:: The records

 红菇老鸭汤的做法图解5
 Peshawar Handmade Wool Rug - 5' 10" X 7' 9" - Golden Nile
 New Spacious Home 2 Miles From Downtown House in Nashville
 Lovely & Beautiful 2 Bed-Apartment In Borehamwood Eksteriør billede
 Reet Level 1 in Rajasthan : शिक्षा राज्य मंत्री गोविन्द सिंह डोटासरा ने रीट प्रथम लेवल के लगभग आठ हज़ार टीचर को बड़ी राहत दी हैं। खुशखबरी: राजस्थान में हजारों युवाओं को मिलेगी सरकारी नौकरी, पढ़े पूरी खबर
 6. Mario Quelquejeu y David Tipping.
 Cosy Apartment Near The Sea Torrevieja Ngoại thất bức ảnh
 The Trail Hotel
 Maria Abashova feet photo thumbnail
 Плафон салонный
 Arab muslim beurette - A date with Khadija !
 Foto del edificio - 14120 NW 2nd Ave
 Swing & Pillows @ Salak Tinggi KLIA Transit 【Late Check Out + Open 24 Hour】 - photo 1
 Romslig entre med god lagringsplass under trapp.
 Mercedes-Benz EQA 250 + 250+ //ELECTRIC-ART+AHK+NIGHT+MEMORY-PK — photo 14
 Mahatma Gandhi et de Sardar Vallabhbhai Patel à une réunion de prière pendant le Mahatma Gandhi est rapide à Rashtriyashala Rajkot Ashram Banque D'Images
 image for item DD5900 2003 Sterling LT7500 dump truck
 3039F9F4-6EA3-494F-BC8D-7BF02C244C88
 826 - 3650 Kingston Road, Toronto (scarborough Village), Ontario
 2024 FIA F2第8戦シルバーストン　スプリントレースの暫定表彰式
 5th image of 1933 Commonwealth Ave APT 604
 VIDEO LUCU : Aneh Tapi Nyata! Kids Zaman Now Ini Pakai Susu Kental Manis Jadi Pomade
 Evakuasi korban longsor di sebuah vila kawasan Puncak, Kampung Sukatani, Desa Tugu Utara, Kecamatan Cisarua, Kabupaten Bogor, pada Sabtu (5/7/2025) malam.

::::

#### Work instructions
Every line above that includes the word "photo" must appear in the answer.

#### Output for this task
 Maria Abashova feet photo thumbnail
 Swing & Pillows @ Salak Tinggi KLIA Transit 【Late Check Out + Open 24 Hour】 - photo 1
 Mercedes-Benz EQA 250 + 250+ //ELECTRIC-ART+AHK+NIGHT+MEMORY-PK — photo 14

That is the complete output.